Inner Mongolia authorities accused of burying dogs alive

Hundred of stray dogs were reportedly buried alive in Alxa league, Inner Mongolia autonomous region on Wednesday. A non-government organization uncovered the pit while searching for a lost dog, reports the offical news agency Xinhua.

The organization Home for Stray Animals in Yinchuan found the living dogs in a 5 to 6 meter-deep pit near Wuba Expressway. A woman surnamed Tan, who photographed the scene, and five other friends from the organization saved as many as 20 by pulling them out with ropes. When they returned at 2am Thursday, the pit had been filled and only a few dogs could be seen scrambling about. A number of bodies had been retrieved from the filled pit by 6pm Friday.

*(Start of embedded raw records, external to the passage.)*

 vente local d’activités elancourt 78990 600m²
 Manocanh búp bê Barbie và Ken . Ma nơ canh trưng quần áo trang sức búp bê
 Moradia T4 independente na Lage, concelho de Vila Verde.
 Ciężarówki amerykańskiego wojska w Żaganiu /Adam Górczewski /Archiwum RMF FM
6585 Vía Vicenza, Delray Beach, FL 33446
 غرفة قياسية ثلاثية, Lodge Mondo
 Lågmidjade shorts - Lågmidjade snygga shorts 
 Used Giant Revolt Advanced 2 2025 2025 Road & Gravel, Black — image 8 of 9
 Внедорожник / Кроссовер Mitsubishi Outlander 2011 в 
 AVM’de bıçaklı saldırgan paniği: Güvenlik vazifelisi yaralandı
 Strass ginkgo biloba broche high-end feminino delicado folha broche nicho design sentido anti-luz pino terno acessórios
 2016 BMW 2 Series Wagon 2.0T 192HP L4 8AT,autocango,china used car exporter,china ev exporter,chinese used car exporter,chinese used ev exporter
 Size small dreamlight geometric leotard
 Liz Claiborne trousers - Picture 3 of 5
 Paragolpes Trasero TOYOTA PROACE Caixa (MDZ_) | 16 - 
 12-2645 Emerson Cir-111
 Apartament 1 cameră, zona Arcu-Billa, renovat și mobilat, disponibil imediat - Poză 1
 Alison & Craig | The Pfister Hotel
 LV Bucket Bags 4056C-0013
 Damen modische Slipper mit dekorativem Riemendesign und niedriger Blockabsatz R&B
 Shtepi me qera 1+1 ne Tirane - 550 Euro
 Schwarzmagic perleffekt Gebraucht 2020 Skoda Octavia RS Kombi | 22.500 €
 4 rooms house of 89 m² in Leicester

The incident triggered public outrage and a post regarding the incident was forwarded more than 18,000 times on the web. The Beijing-based organization wrote to local government demanding an intervention.

The local urban management office denied that the dogs had been buried alive. The animals, they claimed, had only been placed in a pit near a garbage dump temporarily because residents complained that they were biting people and their livestock, causing traffic accidents and transmitting diseases. They will be relocated to a proper place when the administration finds somewhere to rent, the office said.

Officials only found 17 dogs, of which six had died, when they revisited the pit after hearing of the rescuers. The surviving dogs have been moved to a factory yard.

Incidents of animal abuse are starting to make headlines and cause public outcry in China. Dozens of cats were killed and skinned in Beijing in May last year, while in October there was an outcry when dozens of cats were poisoned in the southern city of Nanning.